If non-repeatability is an issue and it is not due to the setup of the laser or ambient vibration,  then it may be of interest to check the bearing clearances. This can be accomplished very easily with a laser. A little bit of information is necessary to accomplish this. We will need the following:

a) Acceptable bearing clearance and tolerances.

b) Distance between bearings.

c) Distance from the receiver of the laser system to the first bearing.

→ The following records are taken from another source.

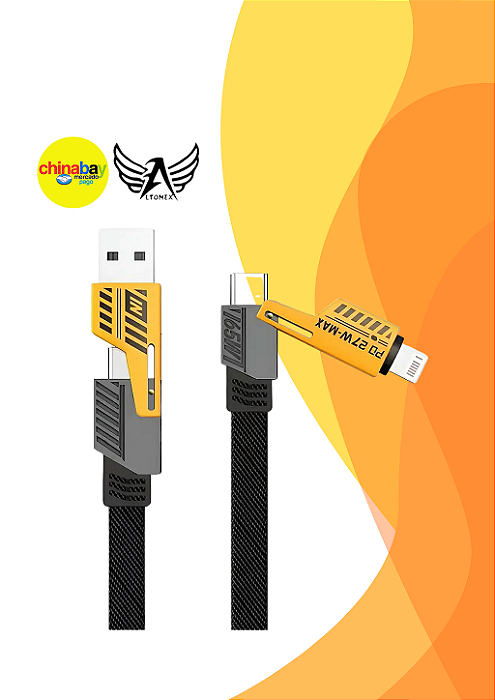 Cabo USB Tipo-C para Lightning Altomex 27W/65W 5A 1 Metro Carregamento Rápido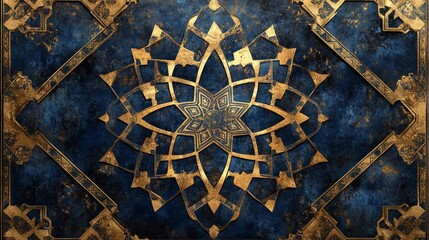 Fototapeta premium A dynamic background filled with Arabic calligraphy and geometric motifs, arranged in a repeating pattern, with a mix of deep blues and gold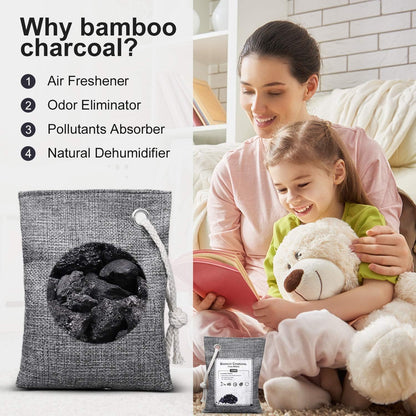 WGCC Bamboo Charcoal Air Purifying Bag 8 Pack, Activated Charcoal Bags Odor Absorber, Natural Car Air Freshener, Moisture Absorber for Closet, Shoe, Car, large Room, Pet Safe (4x75g, 4x200g)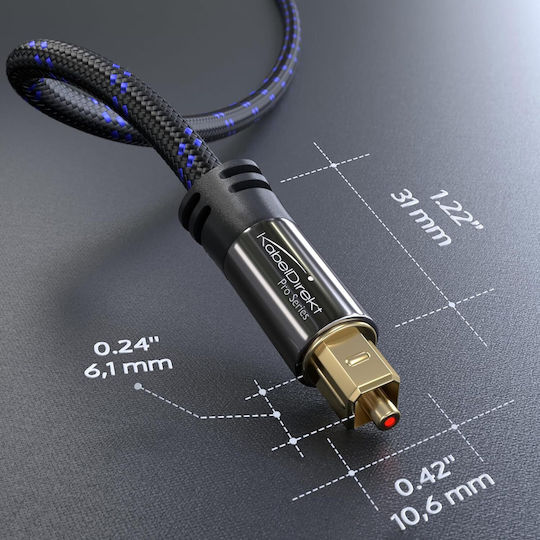 Kabeldirekt Cablu Audio Optic Toslink Împletit Din Nailon 10m Cablu Fibra Optică Soundbar Toslink Digital S Pdif Cablu Amplificator Stereo Home Theater Xbox One/ps4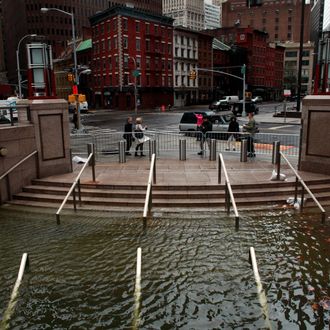 NEW YORK, NY - OCTOBER 30: Water floods the Plaza Shops in the wake of Hurricane Sandy, on October 30, 2012 in Manhattan, New York.The storm has claimed at least 16 lives in the United States, and has caused massive flooding across much of the Atlantic seaboard. US President Barack Obama has declared the situation a 'major disaster' for large areas of the US East Coast including New York City. (Photo by Allison Joyce/Getty Images)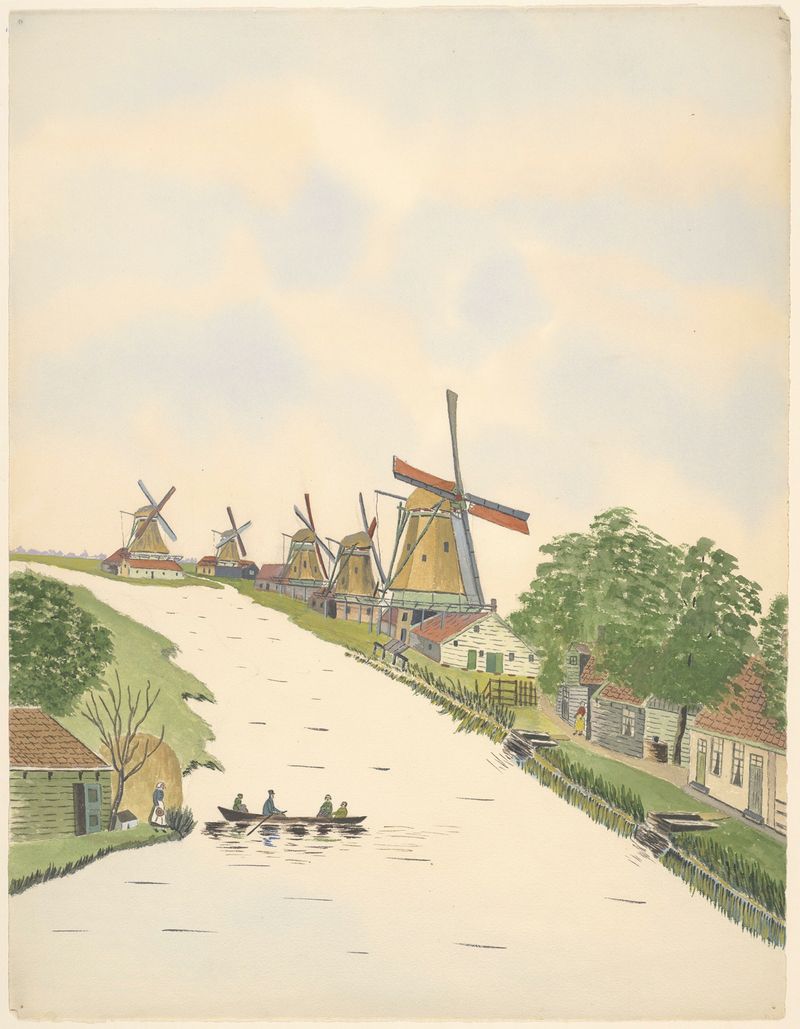 Paisagem com moinho e rio de Johannes Nicolaas Eijman, pintura a óleo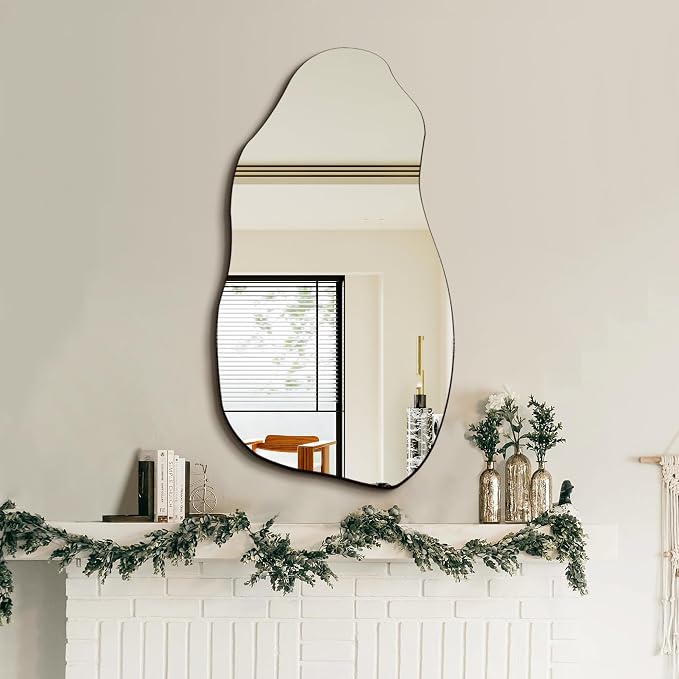 TRAHOME 32'' x 18'' Irregular Asymmetrical Wall Mirror | HD Tempered Glass, Wall Mounted, Modern Decorative Mirror for Living Room Bathroom Entryway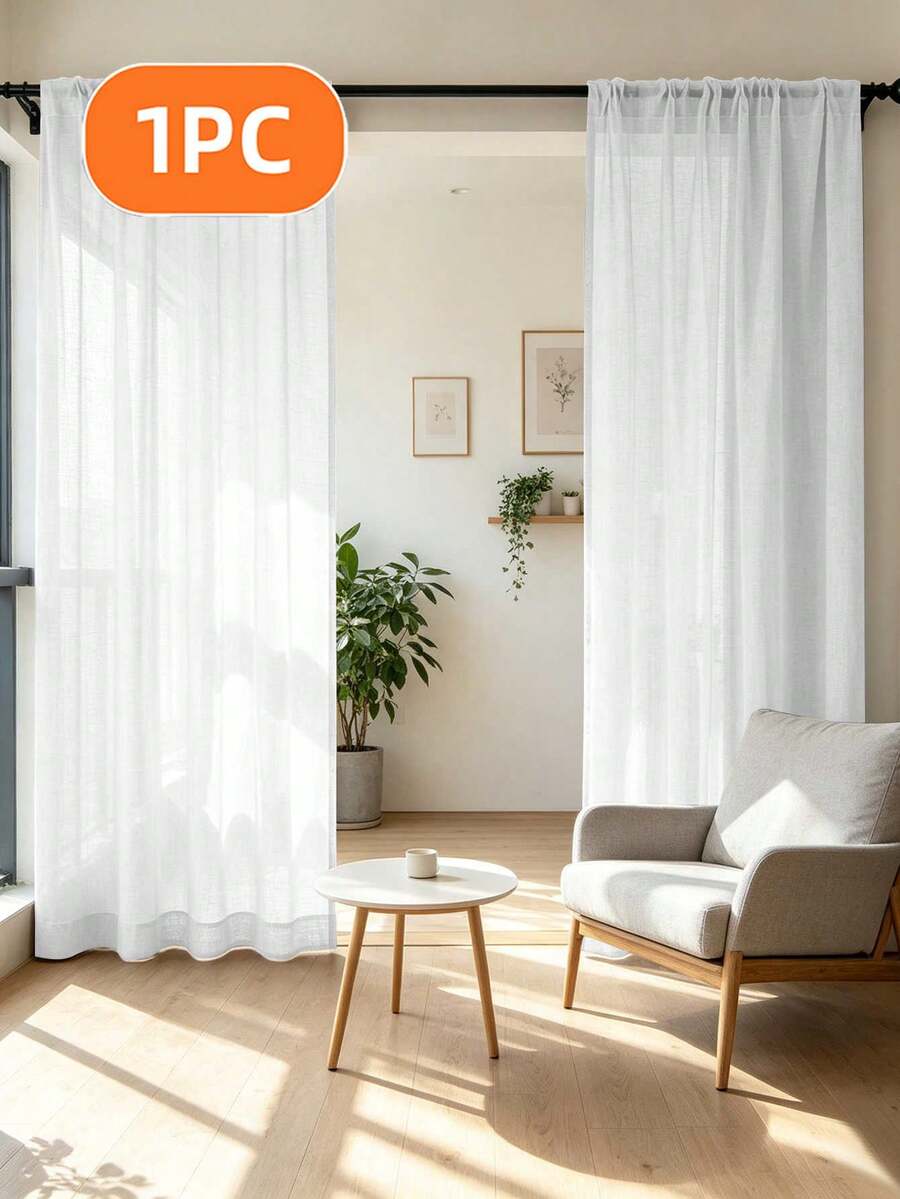 1pc/2pcs White Slub Faux Linen Textured Sheer Voile Curtain, Light Filtering Window Drapes For Bedroom Living Room Home Decor - White - View 1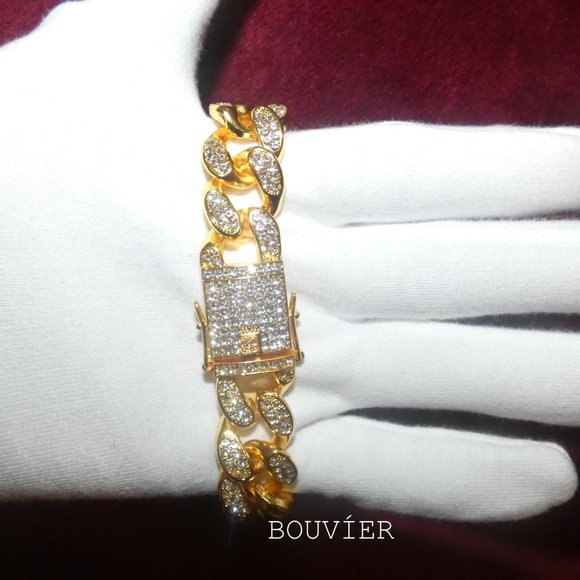 18K Gold Diamond 20mm Miami Cuban Link Bracelet - Picture 2 of 2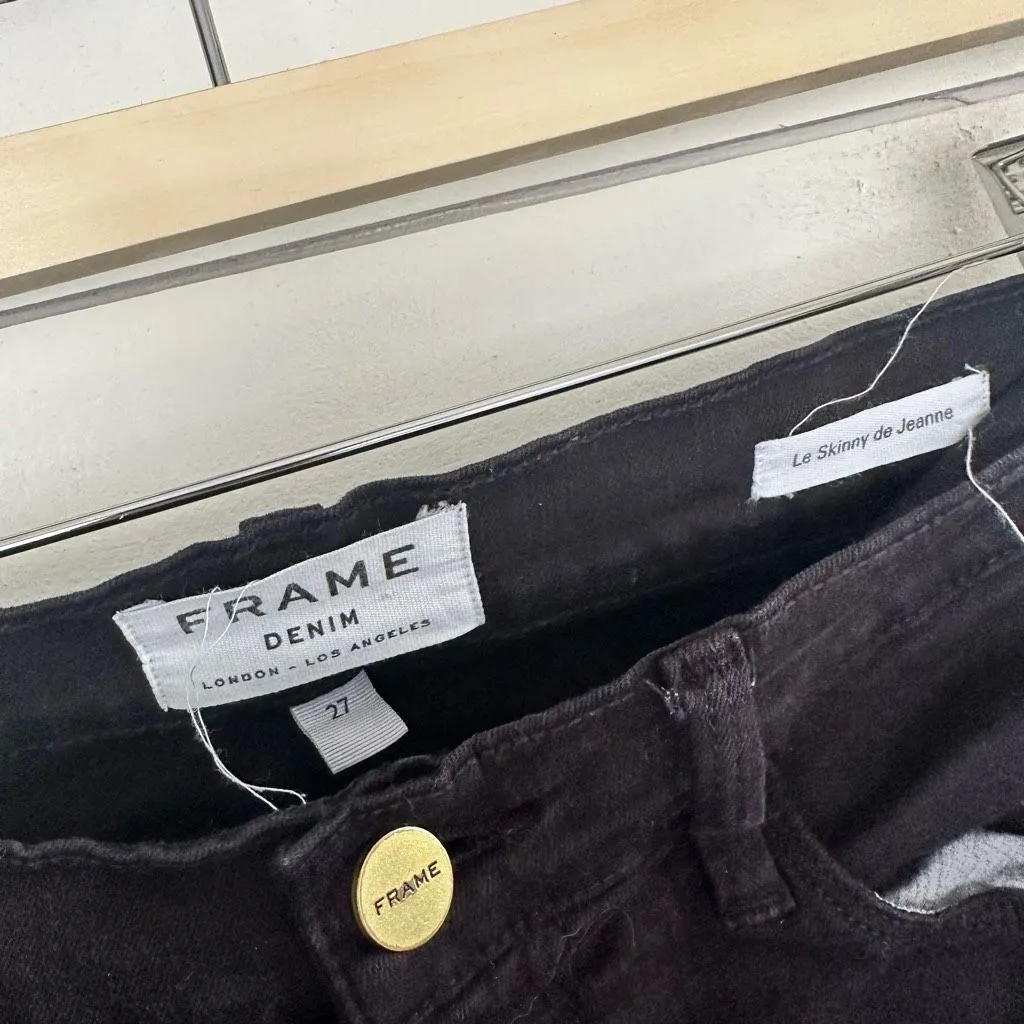 Frame women’s 27 Black Le Skinny De Jeanne Distressed Jeans - Image 2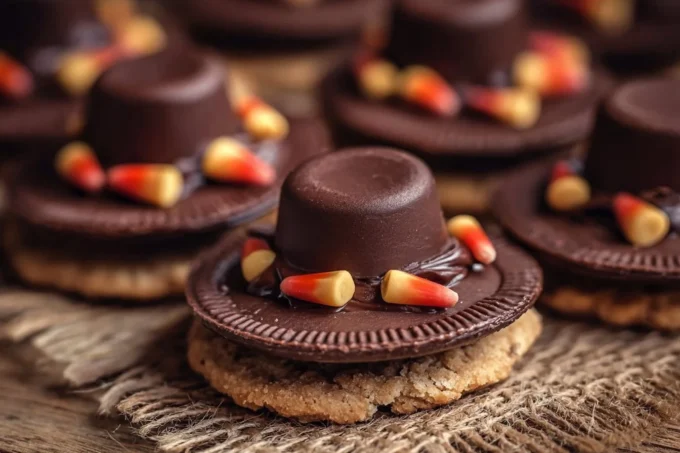 Festive Pilgrim Hat Cookies decorated for Thanksgiving celebration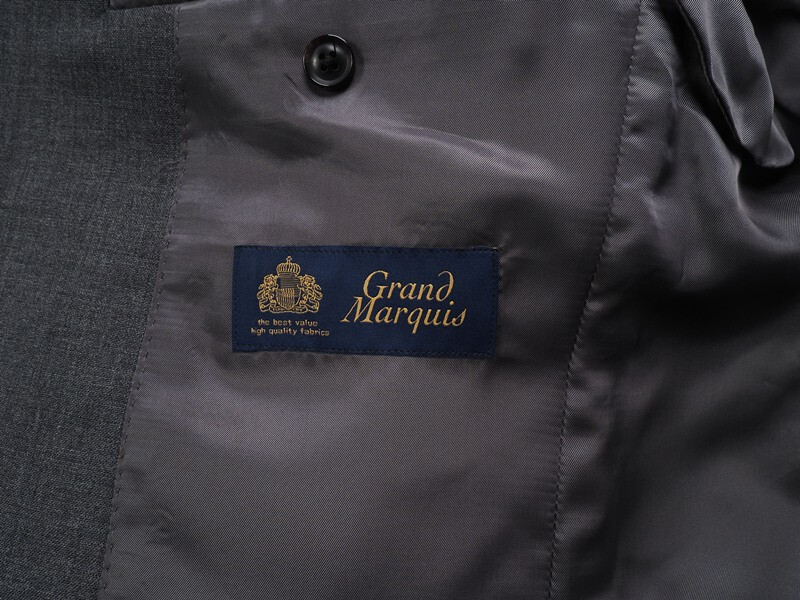新品サンプル azabu tailor 麻布テーラー 春秋冬『GRAND MARQUIS 日本製生地』ウール100% 無地 スーツ 46A(A5)灰 0313-140_画像8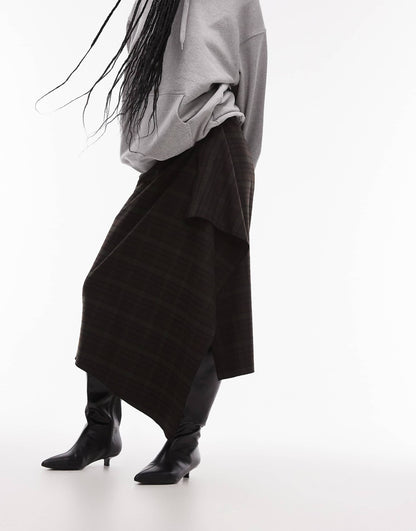 Check Wrap Maxi Skirt
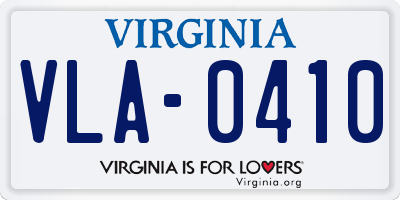 VA license plate VLA0410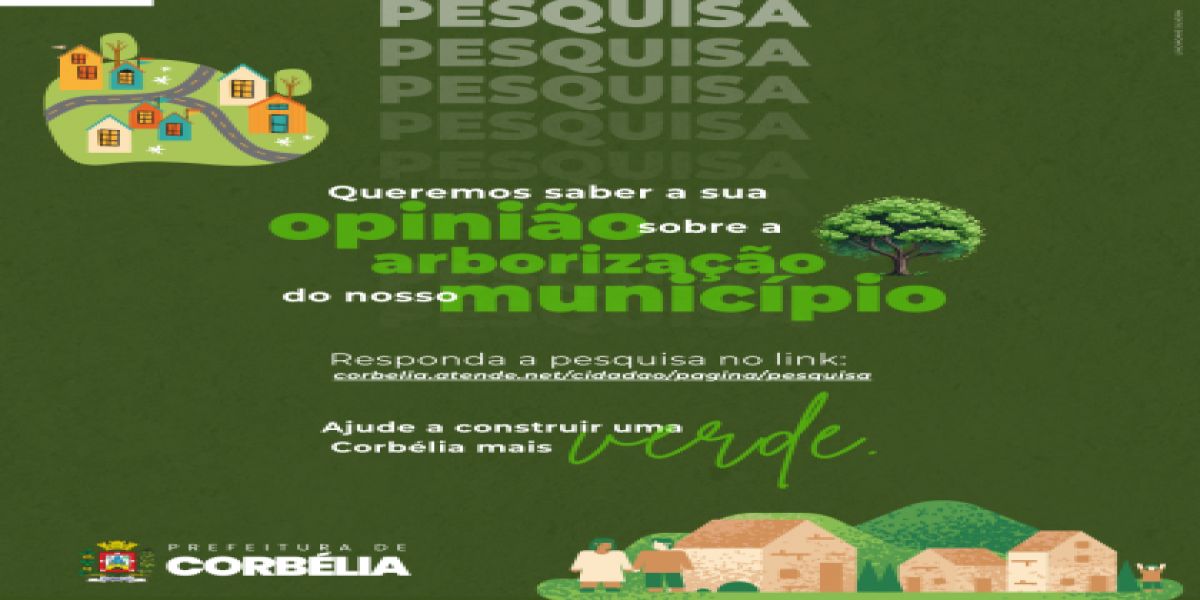 Prefeitura de Corbélia lança pesquisa para Plano Municipal de Arborização Urbana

d) Rotalign® Ultra laser system.

For instance, suppose that the distance between bearings is 10 inches, the distance from the receiver to the first bearing is 5 inches, and the acceptable clearance is 4 mils. This means that with the shaft bottomed out in the bearing, there is a total of 4 mils of clearance available, or lift. With the receiver at the 12:00 o’clock position in XY-View, press the SET ZERO button. This will give you a zero reference for the values displayed on the sensor. Simply lift the shaft until it contacts the top of the bearing and record the Y value of the movement. With the above distances, we are allowed 4 mils/10 inches, (or 0.4 mils/1 inch), 10 inches being the distance between the bearings. From the receiver to the front bearing is 5 inches, so with a good bearing, we would expect to see another 2 mils/5 inches, (or 0.4 mils/ 1 inch). Add the two together and we get a total of 6 mils/15 inches. This means that if the lift of the shaft shows 6 mils of change at the receiver, the clearance is acceptable. If greater than 6 mils, clearances may be excessive.